The projects created about 2,000 construction jobs in cities that, like Las Vegas, could use the work. The national archives in St. Louis hired 800 full-time workers.
"I think the big news here is we're a Las Vegas-based company thriving in a down economy," Molasky said Tuesday in his 17th-floor office at Molasky Corporate Center. "We were lucky enough or fortunate enough to envision changes in the marketplace. In the meantime, we're keeping our best assets in town, which is our people."
Worthington, who joined Molasky Group in 1998, said it became difficult for projects to produce desirable profit margins when competition drove land prices beyond what the developers felt was affordable.
"We're a conservative company.
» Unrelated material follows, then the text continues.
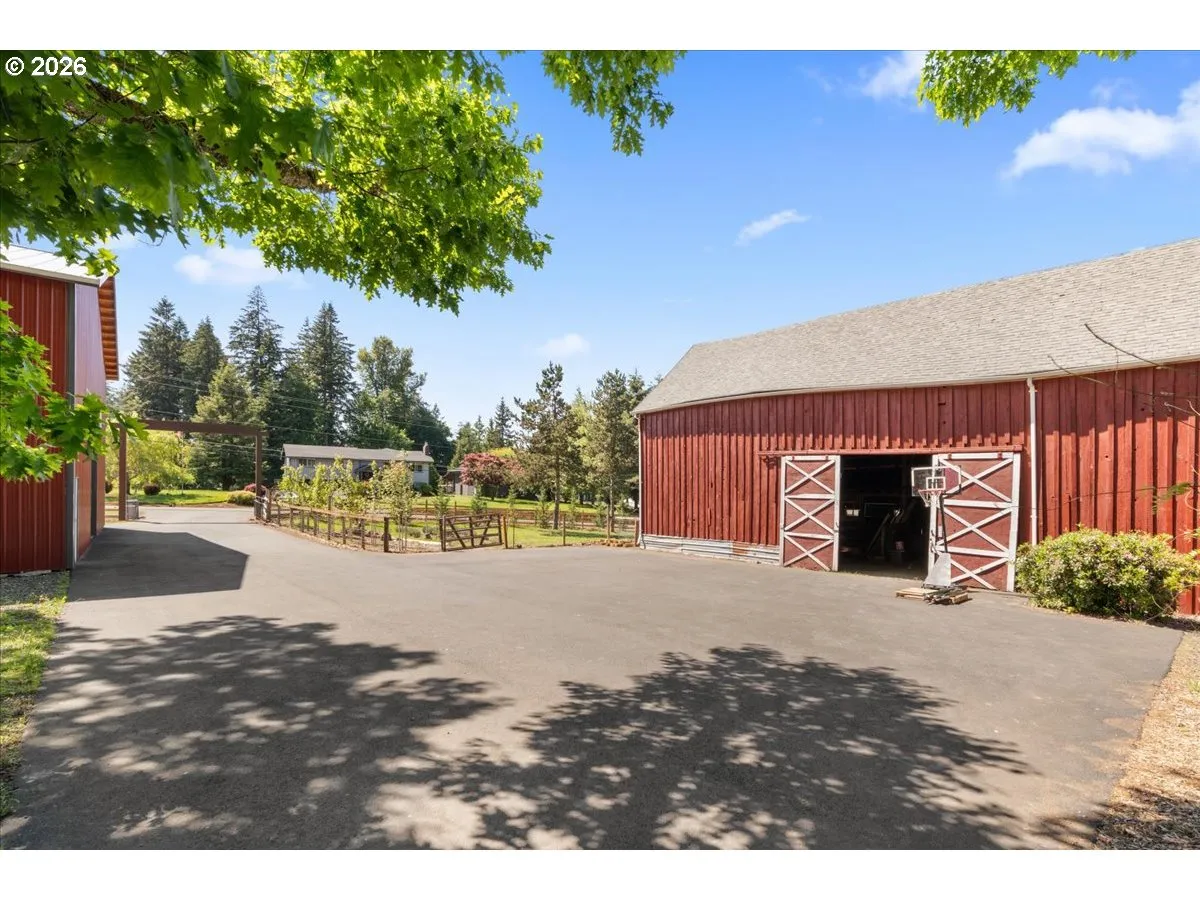Barn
We take calculated risks, not this blind hubris of build it and hope they'll come," Worthington said. "We knew the market was going through this 'irrational exuberance,' to use (former Federal Reserve Chairman Alan) Greenspan's term."
That's when the "book of business" changed to pursue government projects out of state, he said.
"When I mentioned it to Irwin, he said, 'I've never bid on low-bid jobs in my life.' I said, 'You're going to learn to. We're going to start.' We had to learn the business. We didn't win every project we bid on," Worthington said.
Since coming to Las Vegas in the 1950s, Molasky developed commercial properties to produce income, though he sold several properties over the years, including the Boulevard Mall, Bank of America Plaza and Best of the West shopping center.
Molasky's first government project was the 90,000-square-foot Internal Revenue Service office in downtown Las Vegas, completed in 2002. He also built the 400-bed Casa Grande Transitional Center for Nevada Department of Corrections, the 1,000-bed Clark County Detention Center on Las Vegas Boulevard near Nellis Air Force Base and the Social Security Administration office at Buffalo Drive and Charleston Boulevard.
One of his most notable projects is the $100 million Molasky Corporate Center, the largest privately owned Leadership in Energy and Environmental Design gold-certified building in Nevada. The Southern Nevada Water Authority occupies seven floors totaling 190,000 square feet.
"As you know, the real estate market is pretty bad," Molasky said. "We had a lot of developers from New York and Florida who were going to teach us what to do and they left us with a lot of unfinished product.
"The economy in general and the development business in our city is very poor because there's more supply than demand, because a lot of big companies, greedy companies were coming in and buying property on speculation."